Like many in 2020, I found myself working exclusively from home and having a bit more time on my hands in the evenings. I was much more fortunate than many as I had my whole family at home, and we were all working or studying remotely. I decided that I wanted to make something of the time in isolation (those of us trained in physics may remember Isaac Newton’s productive period in 1665 when he left London for the countryside during a plague outbreak). My team does database cloud capacity management in a converged, VMware environment. My theory was that the public cloud providers faced capacity management issues similar to the ones that we were solving. So our team attended the various online vendor conferences and took a lot of online training (one good thing that came out of 2020) to see if the larger cloud world was experiencing similar problems and what we might be able to learn to make our analyses and processes better.

 After listening to what cloud providers were seeing with their customers combined with our experience, I came to believe that the challenges of capacity management were similar even if the terms used were different. So, what in a private cloud might be described as running short on capacity on a particular machine might be described as cost creep in a public cloud environment. The key themes that I found for all cloud environments were:

1.       The need to build a model of capacity that all stakeholders can understand from their perspective.

2.       Accept that applications teams may not really know what they need when they provision capacity.

3.       Demanding applications must be dealt with differently.

4.       Cleanup does not naturally happen. Wasted capacity does.

5.       There are many different opinions on what IAAS, PAAS and others really provide.

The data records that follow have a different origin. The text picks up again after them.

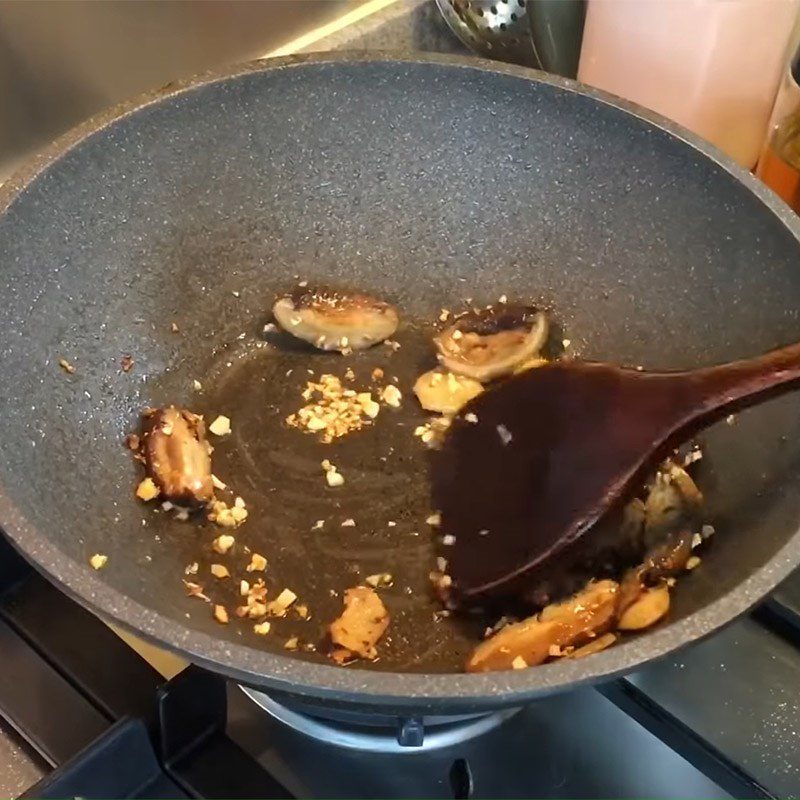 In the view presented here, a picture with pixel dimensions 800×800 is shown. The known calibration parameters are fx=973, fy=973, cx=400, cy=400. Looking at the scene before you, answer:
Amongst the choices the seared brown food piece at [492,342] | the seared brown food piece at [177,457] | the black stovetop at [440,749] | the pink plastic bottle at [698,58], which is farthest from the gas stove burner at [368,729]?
the pink plastic bottle at [698,58]

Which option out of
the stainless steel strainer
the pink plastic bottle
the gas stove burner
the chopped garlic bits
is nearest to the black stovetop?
the gas stove burner

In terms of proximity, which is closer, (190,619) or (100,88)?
(190,619)

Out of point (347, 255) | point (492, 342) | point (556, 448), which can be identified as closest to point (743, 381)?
point (556, 448)

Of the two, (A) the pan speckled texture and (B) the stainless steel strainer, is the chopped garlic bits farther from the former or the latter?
(B) the stainless steel strainer

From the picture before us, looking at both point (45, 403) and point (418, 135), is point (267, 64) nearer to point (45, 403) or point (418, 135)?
point (418, 135)

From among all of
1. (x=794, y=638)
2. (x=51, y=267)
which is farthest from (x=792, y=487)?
(x=51, y=267) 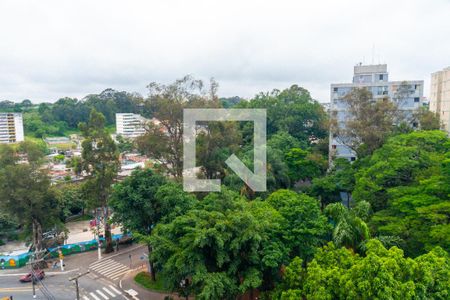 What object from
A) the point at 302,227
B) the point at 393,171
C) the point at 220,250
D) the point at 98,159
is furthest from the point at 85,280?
the point at 393,171

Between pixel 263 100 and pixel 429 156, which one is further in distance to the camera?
pixel 263 100

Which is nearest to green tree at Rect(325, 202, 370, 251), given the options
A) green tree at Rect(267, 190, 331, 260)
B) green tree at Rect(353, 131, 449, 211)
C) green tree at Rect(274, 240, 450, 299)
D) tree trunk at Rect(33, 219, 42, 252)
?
green tree at Rect(267, 190, 331, 260)

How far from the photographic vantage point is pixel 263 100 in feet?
122

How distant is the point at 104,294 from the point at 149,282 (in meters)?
2.28

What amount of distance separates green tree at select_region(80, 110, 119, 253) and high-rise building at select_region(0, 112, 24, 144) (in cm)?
6114

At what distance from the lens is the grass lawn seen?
15778 millimetres

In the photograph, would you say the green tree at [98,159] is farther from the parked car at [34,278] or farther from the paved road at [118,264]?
the parked car at [34,278]

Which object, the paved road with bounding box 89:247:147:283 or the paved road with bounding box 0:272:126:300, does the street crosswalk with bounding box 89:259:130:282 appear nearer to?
the paved road with bounding box 89:247:147:283

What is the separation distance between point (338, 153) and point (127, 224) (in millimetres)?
22464

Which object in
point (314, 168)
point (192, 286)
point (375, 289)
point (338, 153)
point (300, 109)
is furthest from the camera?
point (300, 109)

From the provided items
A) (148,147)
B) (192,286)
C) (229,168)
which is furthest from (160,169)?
(192,286)

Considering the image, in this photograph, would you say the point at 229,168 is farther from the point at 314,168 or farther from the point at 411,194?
the point at 411,194

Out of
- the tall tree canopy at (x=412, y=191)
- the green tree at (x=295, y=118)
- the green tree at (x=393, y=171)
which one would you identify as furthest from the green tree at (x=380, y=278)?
the green tree at (x=295, y=118)

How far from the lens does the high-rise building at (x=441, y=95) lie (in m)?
30.2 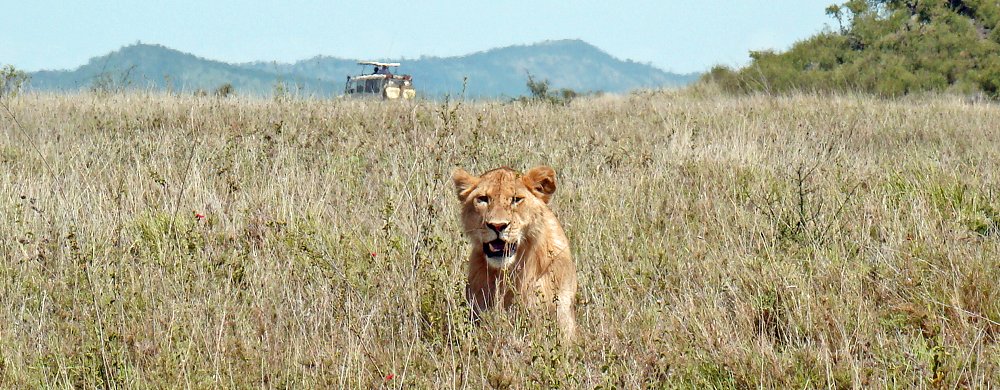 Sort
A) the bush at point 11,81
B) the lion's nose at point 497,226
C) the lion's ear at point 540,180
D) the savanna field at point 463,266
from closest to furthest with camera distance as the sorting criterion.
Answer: the savanna field at point 463,266 → the lion's nose at point 497,226 → the lion's ear at point 540,180 → the bush at point 11,81

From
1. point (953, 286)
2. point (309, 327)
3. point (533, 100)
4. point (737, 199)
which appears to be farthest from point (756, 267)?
point (533, 100)

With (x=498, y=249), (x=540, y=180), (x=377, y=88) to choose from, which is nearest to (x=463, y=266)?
(x=540, y=180)

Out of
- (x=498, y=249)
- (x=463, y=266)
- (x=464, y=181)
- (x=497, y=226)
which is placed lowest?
(x=463, y=266)

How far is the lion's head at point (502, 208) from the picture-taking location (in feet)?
14.0

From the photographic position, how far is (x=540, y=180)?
4.64 m

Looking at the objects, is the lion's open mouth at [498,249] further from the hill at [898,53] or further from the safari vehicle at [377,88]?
the hill at [898,53]

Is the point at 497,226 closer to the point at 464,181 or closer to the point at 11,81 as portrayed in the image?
the point at 464,181

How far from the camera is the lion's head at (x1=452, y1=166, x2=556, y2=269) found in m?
4.27

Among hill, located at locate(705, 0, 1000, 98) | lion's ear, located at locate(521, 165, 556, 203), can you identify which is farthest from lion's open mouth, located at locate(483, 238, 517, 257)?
hill, located at locate(705, 0, 1000, 98)

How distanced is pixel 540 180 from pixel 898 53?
24.4 m

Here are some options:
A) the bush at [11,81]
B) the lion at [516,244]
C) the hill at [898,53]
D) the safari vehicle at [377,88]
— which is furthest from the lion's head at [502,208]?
the hill at [898,53]

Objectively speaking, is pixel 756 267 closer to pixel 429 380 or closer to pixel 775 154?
pixel 429 380

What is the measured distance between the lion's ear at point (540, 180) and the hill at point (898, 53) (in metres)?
20.2

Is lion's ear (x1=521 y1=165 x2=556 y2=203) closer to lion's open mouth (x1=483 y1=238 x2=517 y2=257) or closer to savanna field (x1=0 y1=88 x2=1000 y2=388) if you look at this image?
lion's open mouth (x1=483 y1=238 x2=517 y2=257) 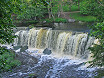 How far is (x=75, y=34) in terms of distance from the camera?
14.8 m

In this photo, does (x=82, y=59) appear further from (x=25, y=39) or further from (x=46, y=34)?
(x=25, y=39)

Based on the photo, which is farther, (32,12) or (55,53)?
(32,12)

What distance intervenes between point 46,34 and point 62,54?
364 centimetres

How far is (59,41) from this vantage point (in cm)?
1557

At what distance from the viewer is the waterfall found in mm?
13789

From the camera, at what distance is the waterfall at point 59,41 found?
13.8 metres

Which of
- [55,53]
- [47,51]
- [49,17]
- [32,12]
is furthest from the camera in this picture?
[49,17]

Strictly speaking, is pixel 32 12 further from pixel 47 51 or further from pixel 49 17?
pixel 47 51

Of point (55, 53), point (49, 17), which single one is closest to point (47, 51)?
point (55, 53)

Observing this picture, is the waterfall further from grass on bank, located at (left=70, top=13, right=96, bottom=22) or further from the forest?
grass on bank, located at (left=70, top=13, right=96, bottom=22)

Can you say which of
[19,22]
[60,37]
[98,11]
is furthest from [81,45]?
[19,22]

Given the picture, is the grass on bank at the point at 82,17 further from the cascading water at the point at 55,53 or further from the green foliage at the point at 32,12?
the cascading water at the point at 55,53

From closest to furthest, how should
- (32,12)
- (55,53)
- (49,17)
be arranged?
(55,53)
(32,12)
(49,17)

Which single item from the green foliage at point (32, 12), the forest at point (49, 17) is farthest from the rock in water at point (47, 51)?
the green foliage at point (32, 12) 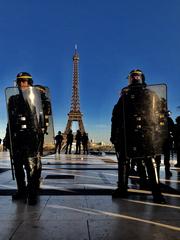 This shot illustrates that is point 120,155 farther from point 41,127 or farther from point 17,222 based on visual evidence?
point 17,222

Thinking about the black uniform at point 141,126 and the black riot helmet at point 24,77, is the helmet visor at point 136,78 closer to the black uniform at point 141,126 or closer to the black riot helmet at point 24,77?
the black uniform at point 141,126

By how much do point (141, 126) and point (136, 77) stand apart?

 The first common theme was the need to build a model of capacity that all stakeholders can understand from their perspective. Whether it is a finance person or an application system manager, being provided with a list of 150 servers or 212 containers for a usage review usually does not produce effective results. Why? I believe that very few people can understand a list of host names or container names (or even service instances for that matter) and translate that list into what it is doing for them. After this first try, we enhanced the capacity model driven from the list of servers and containers and merged in data from the CMDB, database and operating system monitoring tools. Basically, we looked everywhere we could find information that would put a resource on the network into context for someone who needed to review capacity usage. So when speaking to application teams, it helps to identify what databases are on those servers, the version of the database used (so they can see which ones were the old ones that they migrated off of to meet risk requirements), its role, etc. When speaking to people involved with costs, you start with the resources that generate the bill (disk, CPU, memory, etc.) and then map those to individual application teams involved along with the versions used. In these cases, each group saw what they were concerned about and could map it to an application or user community which helped them evaluate if it was still needed and also see where they might have to make changes such as migrating off older versions of the software (which is another report that they might be getting from risk or architecture). Basically, it comes down to a model that speaks everyone’s language and a tailored set of reports to help them understand what they have rather than an itemized bill that speaks only of resources used.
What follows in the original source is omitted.